A travers leurs milliers de bulles, les œuvres d’Alzon sont le reflet d’un « Pop » Art au sens premier de l’onomatopée. L’Artiste y associe, en la modernisant, la technique du Dot-Art originellement inventée par les Aborigènes d’Australie.

« Reproduire la Perfection par l’Imperfection »

Depuis plus de 5 ans, Alzon expérimente différentes approches artistiques (photographie, musique, sculpture…) dans le but ultime d’illustrer son envie de reproduire la Perfection par l’Imperfection. L’aboutissement de cette recherche artistique le mène à l’utilisation des cercles vectoriels (symboles de la Perfection et agrandissables à l’infini), omniprésents dans ses œuvres.
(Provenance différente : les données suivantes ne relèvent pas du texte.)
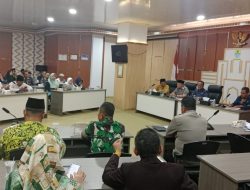 Persiapan Lomba MTQ ke-57 Tingkat Kota Cirebon dihadiri Kodim 0614/Kota Cirebon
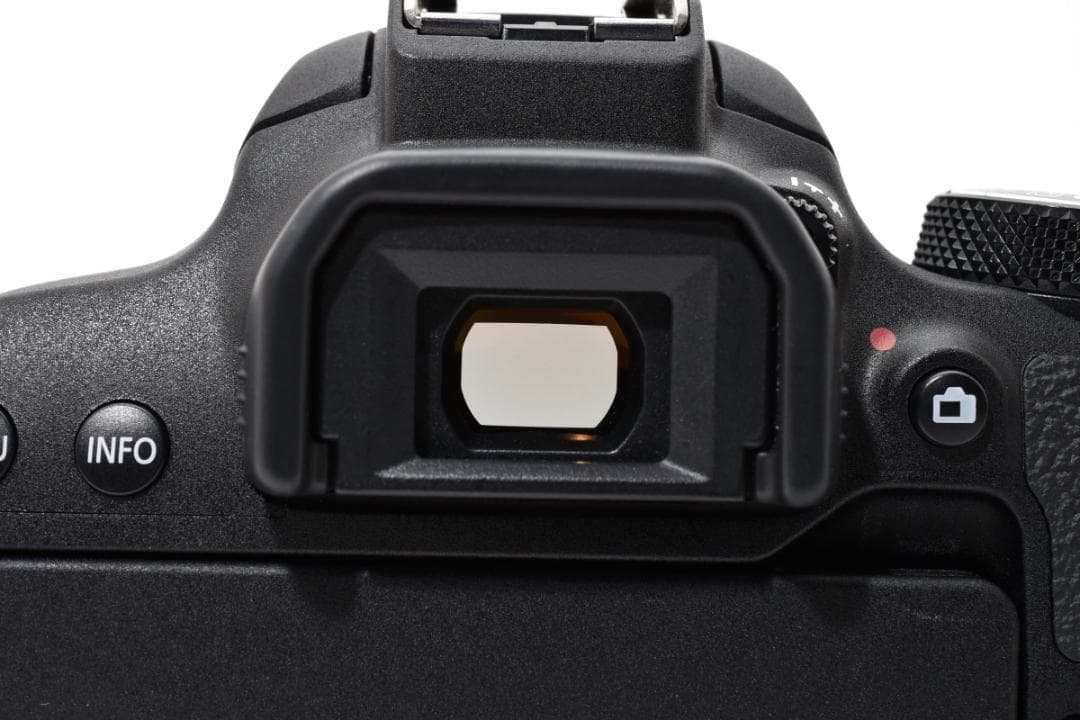 ★極上品★ Canon EOS Kiss X9i ダブルズームレンズキット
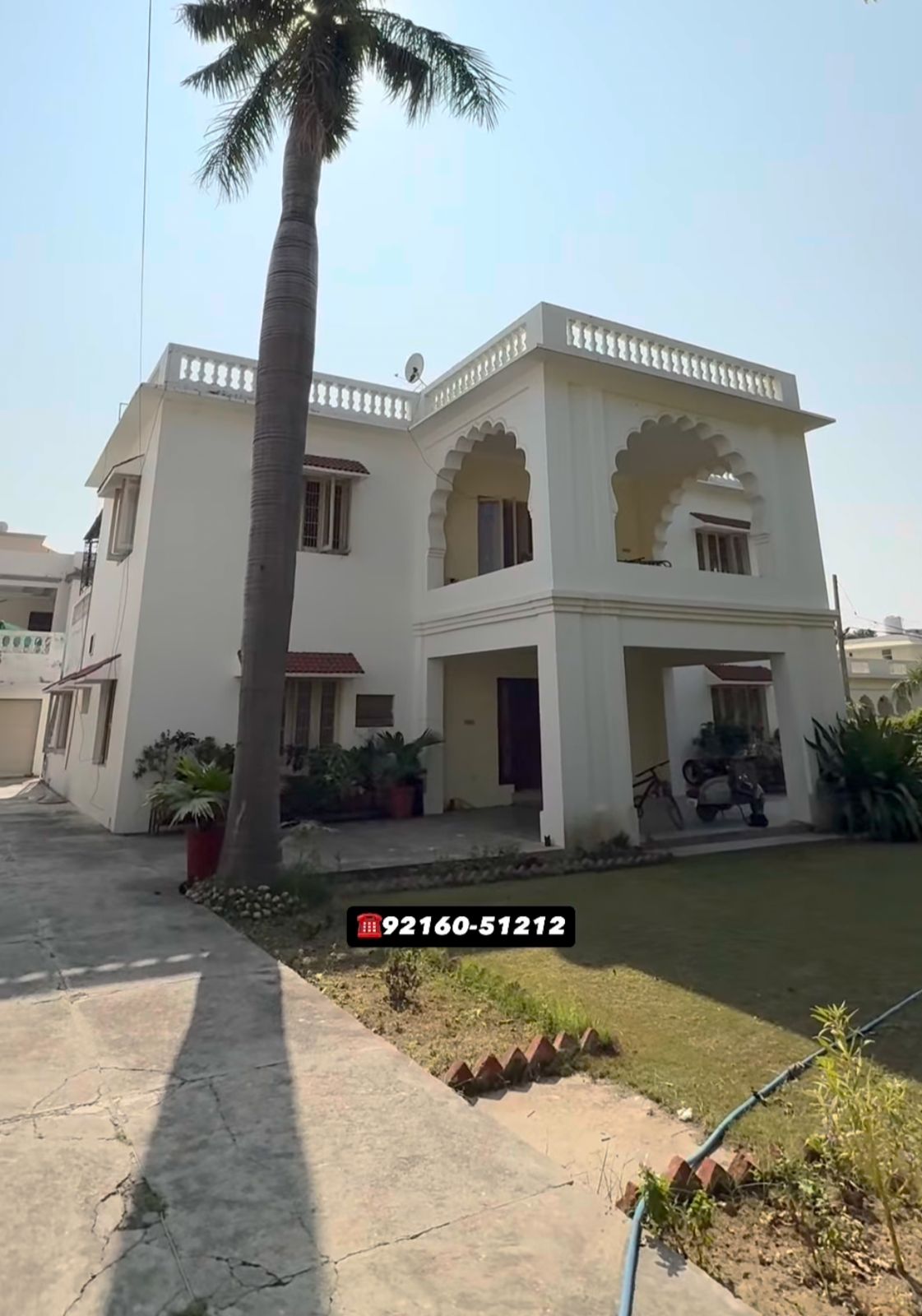 1300 Gaj haveli For Sale in Jalandhar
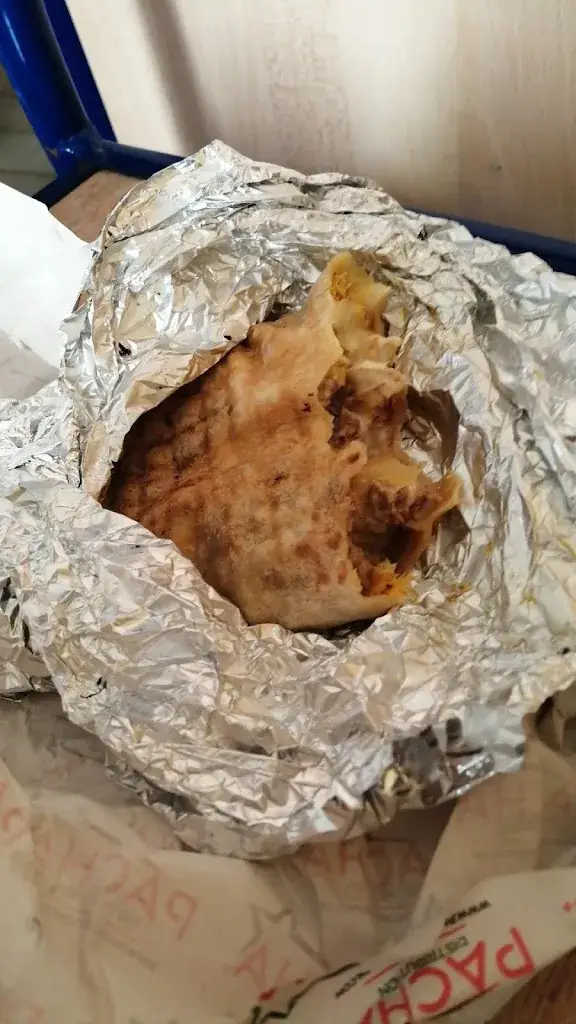 Gaby Chanliaux_Ò bon coin by collègues_Istres_review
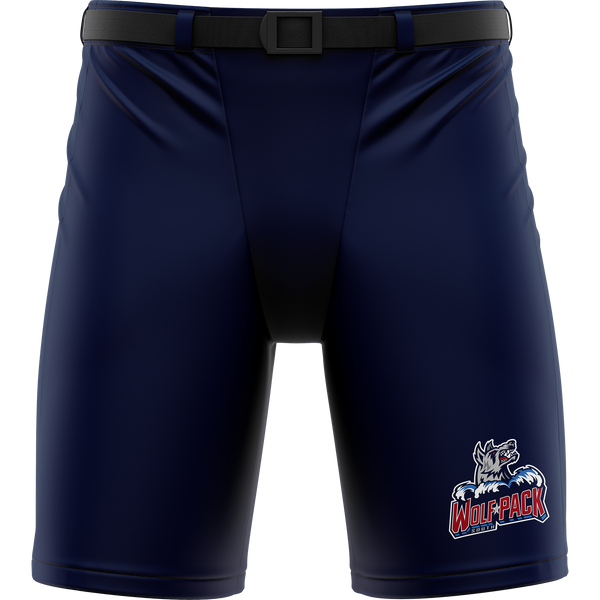 CT Wolfpack South Adult Sublimated Pants Shell - Extras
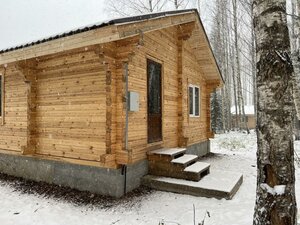 Иное жильё Крутояр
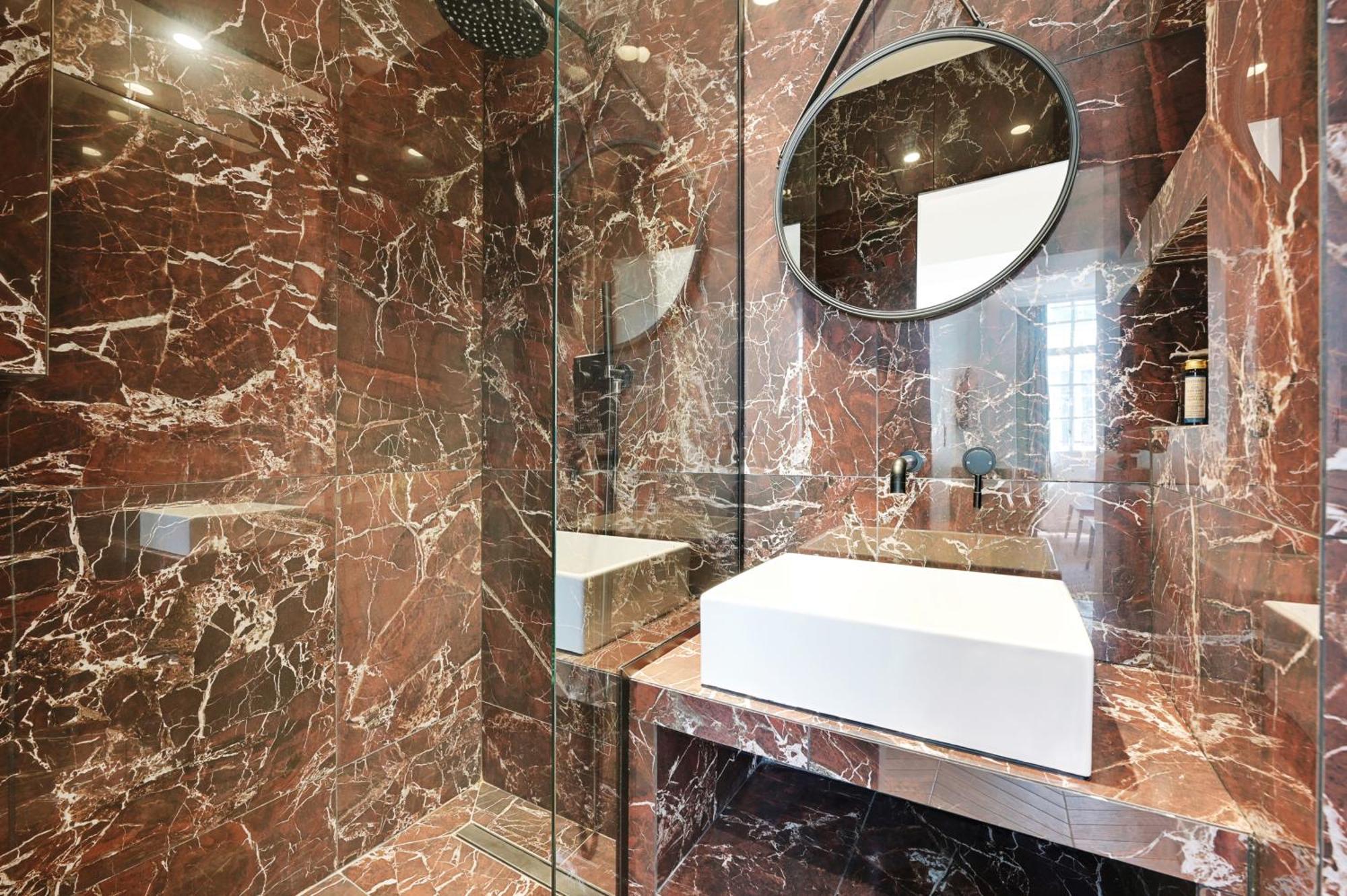 Amazing Appartement - 3Br-10P - Saint Germain Parijs Buitenkant foto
« Les diktats d’une image aseptisée »

Ces cercles représentent l’un des diktats prépondérant de notre société. Cette dernière souhaitant continuellement nous faire tendre vers la perfection, notre image et notre réputation sont continuellement lissées, retouchées, aseptisées.
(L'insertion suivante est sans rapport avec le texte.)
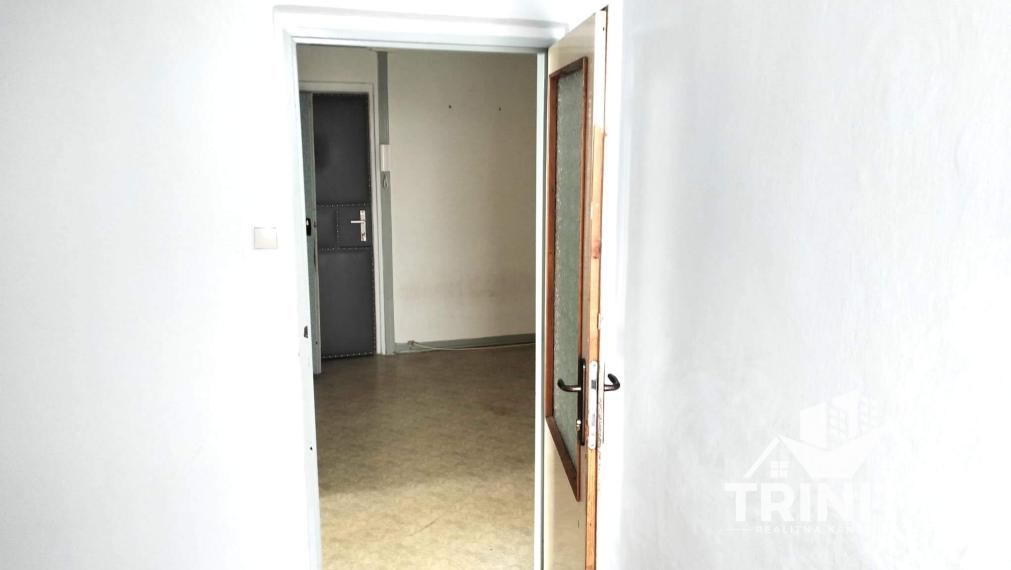 Na predaj 4-izbový byt s balkónom v meste Nové Zámky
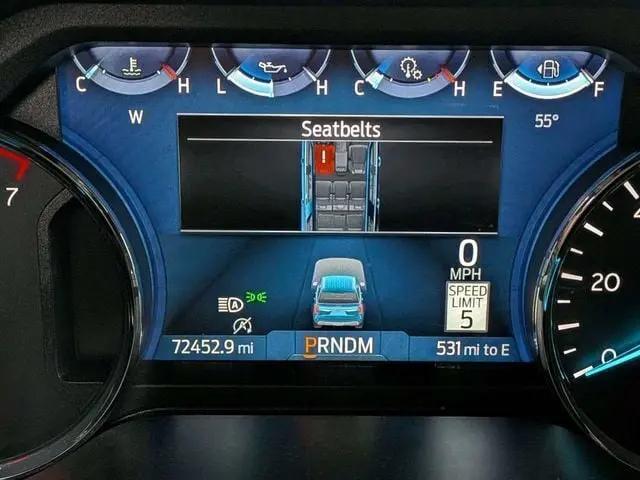 2024 Ford Expedition Limited MAX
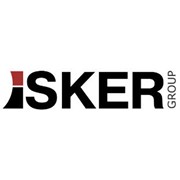 Логотип компании Isker Group (Искер Груп), ТОО (Атырау)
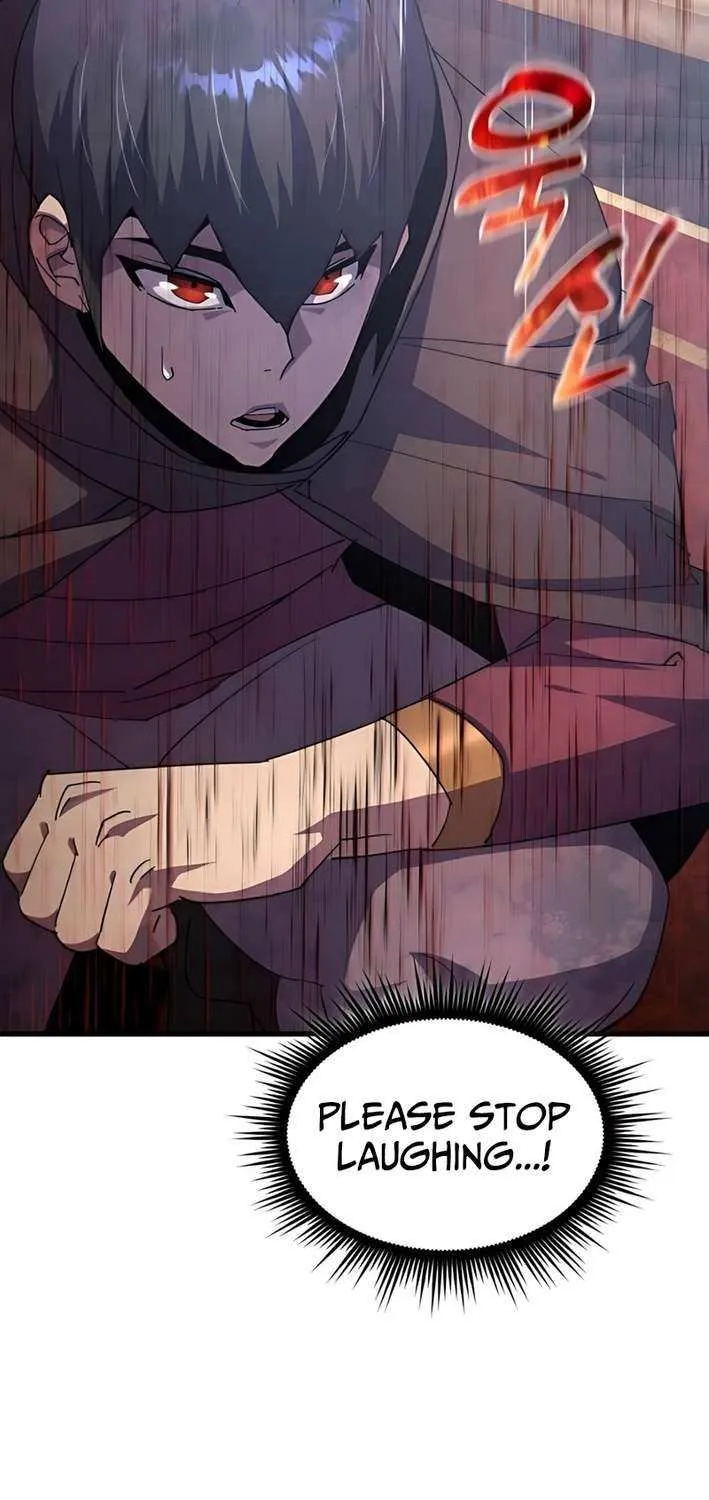 The Genius Mage Who Uses His Fists Chapter 30 page 82 -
« La proxémie entre une personne et une œuvre »

En fonction de ce que le spectateur souhaite ressentir, il choisira de se placer plus ou moins loin de l’œuvre, comme si la proxémie pouvait s’établir entre une personne et une œuvre.
A une distance réduite, c’est une forme totalement abstraite et donc imparfaite qui s’offre au regard. Au contraire, dès lors que le spectateur s’éloigne, une image figurative se révèle. L’Imperfection devient alors Perfection.

« Hommage à notre société de sur-consommation »
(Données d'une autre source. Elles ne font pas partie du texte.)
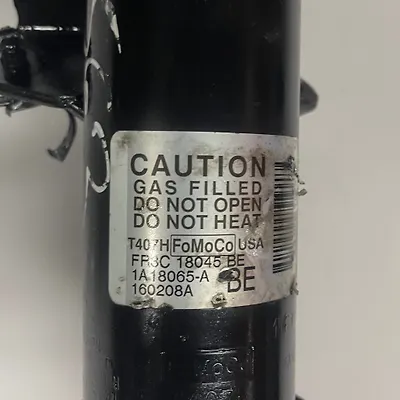 Shock Absorber (RHF) - 2016 Ford Mustang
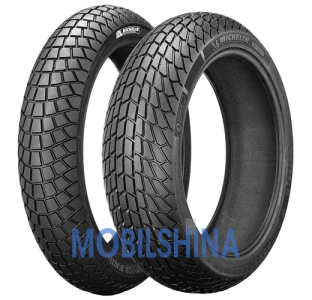 Шины Michelin Power Supermoto Rain R16.5 Шины Michelin Power Supermoto Rain R16.5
Dans ses œuvres, Alzon rend hommage à notre société de sur-consommation via ses icônes de la mode, ses gourous, ses mentors, ses hommes de pouvoir, ses grandes fortunes ou encore les supers puissances américaines et asiatiques. Toutes ces cibles sont autant de thèmes artistiques qui le fascinent et l’inspirent.

Avec ironie et modernité, Alzon exploite l’art des Aborigènes australiens à la philosophie non-consumériste, soulignant ainsi l’antithèse entre le sujet et la technique choisie.

Alzon ne dénonce pas, il ne fait que ponctuer de points la société qui nous entoure.